An older brother Jimmy (Kieran Culkin) has left the nest. But he comes back for a visit before shipping off to do battle in the Falkland Islands (which was a British War that, as I recall, no American fought in. Well, whatever). Jimmy beats the crap out of the bullies that are messing with Scott -- it's the older brother's right to beat up the younger. Not some student punk. This is was. Thus it should ever be <vbg>.

It's also just the right age for Scott to be thinking about the girl next door, the lovely Adrianna Bragg (Emma Roberts). Adrianna's mother Melissa (Cynthia Nixon) works her tail off in service to the elder Bartlett's real estate ambitions, the development of a whole new piece of suburbia called Bartletown. Adrianna's father (Timothy Hutton), despite appearing to leave for job hunting in the city every day, hides in the basement and tokes his brains out. Daddy, you see, has been bitten by a deer tic. He has Lyme's disease -- if you have no idea what that  means, trust us. It is a nasty, painful and debilitating disease.

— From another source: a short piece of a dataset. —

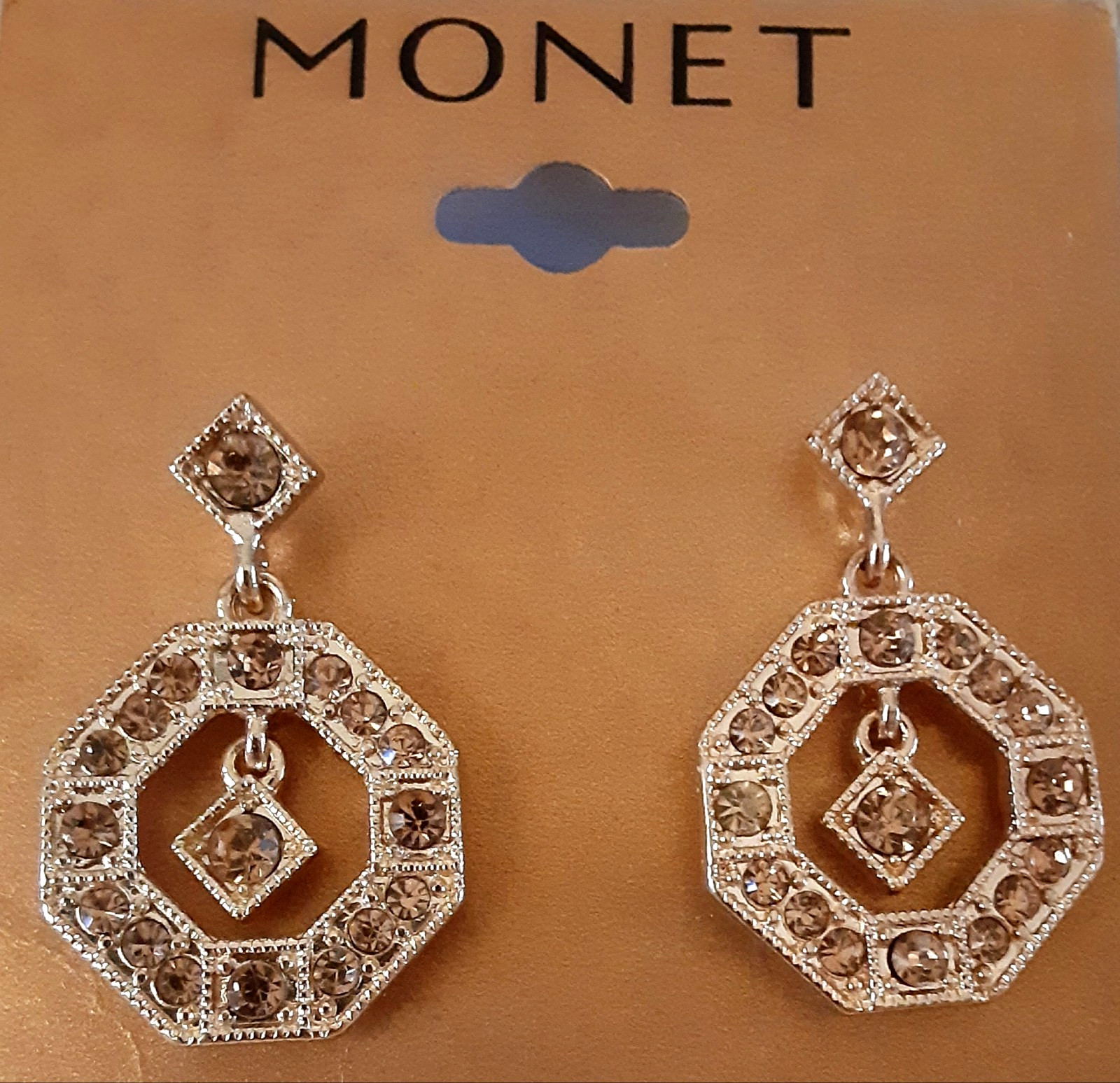 Lot of 3 Monet Earrings Gold-tone & champagne rhinestones (leverback & post)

Those old enough to remember the 1970s firsthand may also remember that that decade marked the second generation of the sexual revolution. In simpler terms, mom Melissa is servicing more than boss Mickey's real estate ambitions.

OK, young 'uns, that means they're doing it.

Mickey's wife Brenda (Jill Hennessy) is blissfully unaware of the affair, even as she knows that all the love has drained out of her once happy union. And so it goes, as intelligently as it began. Lymelife is one of those fine serious indieflicks that we slather with the same usual derision that we save for films that are full of themselves. Just sit back and let the actors do their jobs. Lymelife is for the more appreciative grownup audience.

On average, a first run movie ticket will run you Ten Bucks. Were Cranky able to set his own price to Lymelife, he would have paid . . .


Some folks will do whatever is necessary to avoid the local cineplex. This is for them. T'ain't a bad flick -- the creators should've done a wee bit of historical research, though.